El amor y la vida son las caras de la desolación y la muerte. A veces incluso en ese ambiente pestilente de corrupción y muerte hay tanto amor: amor por la vida, amor por salvar lo que queda de los bosques nativos, de las fuentes de agua, amor por otras generaciones que no son las nuestras
Esta casa pertenece a un pueblo quindiano en Colombia. Una típica construcción cafetera de “bareque”. Yo las he visto toda mi vida. Técnicamente hasta finales de mi adolescencia. Luego me fui a estudiar a la gran ciudad y me dejé absorber por ella.
Absorber es el verbo que en estas horas de este día me acompaña. Absorber conocimientos, absorber impresiones, absorber aprendizajes, pero también absorber dolores: de mi país en el que la vida no vale nada.
En donde uno de los ríos más importantes del país fue secado para compensar la soberbia de políticos e ingenieros. Un país con casitas como la de arriba, con gente feliz y con gente trabajadora; pero con tanto odio y ambición que el narcotráfico y el paramilitarismo hacen carrera también entre las familias de antaño.
Esas que se conocían como las familias de bien, de gente pujante y capaz de construir ciudades a punta de inventiva. Un país que respalda o rechaza la corrupción según quién la ponga en marcha. Si es de los nuestros, entonces existe la excusa de “pero los otros también roban… y más”, si no es de los nuestros, entonces lo crucificamos y lo vilipendiamos sin miramientos ni contemplaciones. La hoguera es el símbolo de las hordas.
Y yo lejos de mi país, me debato entre dejarme absorber por esta sociedad que me recibe, frente a la cual tengo enormes reparos, especialmente por su racismo. Aquí la vida también se lucha, y a veces es difícil cuando no se juega de local, porque faltan los giros, las conexiones generacionales, los referentes culturales bordados en la infancia.
Pero hay algo que solo uno se da cuenta que ha ganado cuando está aquí: morir de viejo y no de hambre o de un balazo. Es curioso que algo tan lógico, tan humano, tan normal no lo sea en mi país.
Entre sueños se va la vida de quienes mueren por culpa de la violencia estúpida, por el ego de los poderosos, por la inseguridad de los arrogantes con poder. Entre sueños también se va la vida cuando la apuesta al amor fue la errada.
El amor y la vida son las caras de la desolación y la muerte.
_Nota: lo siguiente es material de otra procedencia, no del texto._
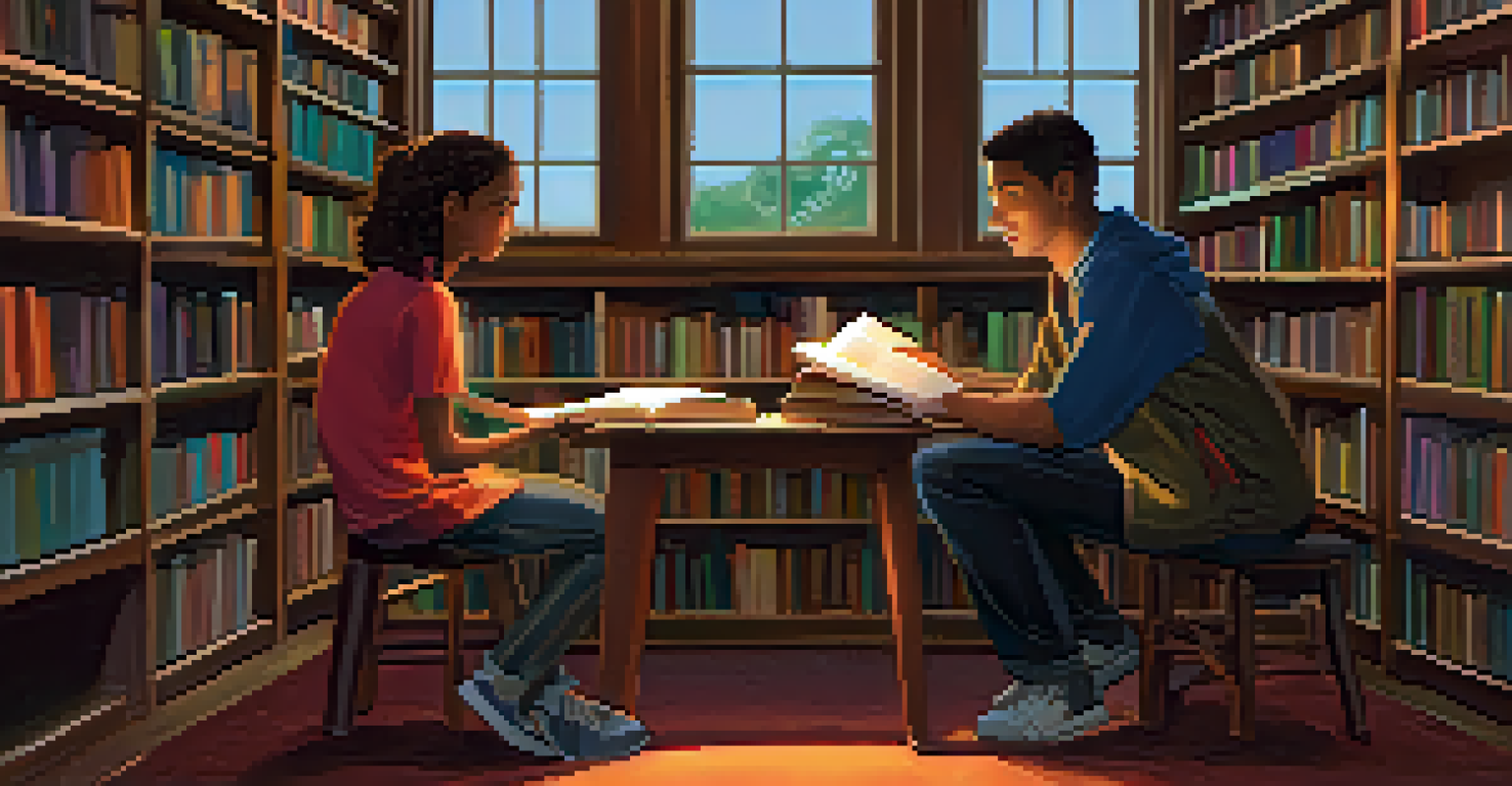 A mentoring session in a library nook, featuring a mentor and a young person discussing ideas, surrounded by shelves of colorful books in a warm atmosphere.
A veces incluso en ese ambiente pestilente de corrupción y muerte hay tanto amor: amor por la vida, amor por salvar lo que queda de los bosques nativos, de las fuentes de agua, amor por otras generaciones que no son las nuestras.
Recientemente leía algo en Twitter: “en mi ciudad se mueren los jóvenes para que los viejos puedan seguir alimentando sus odios”.
Hay otras cosas que me absorben de momento. Pero cada cosa a su tiempo.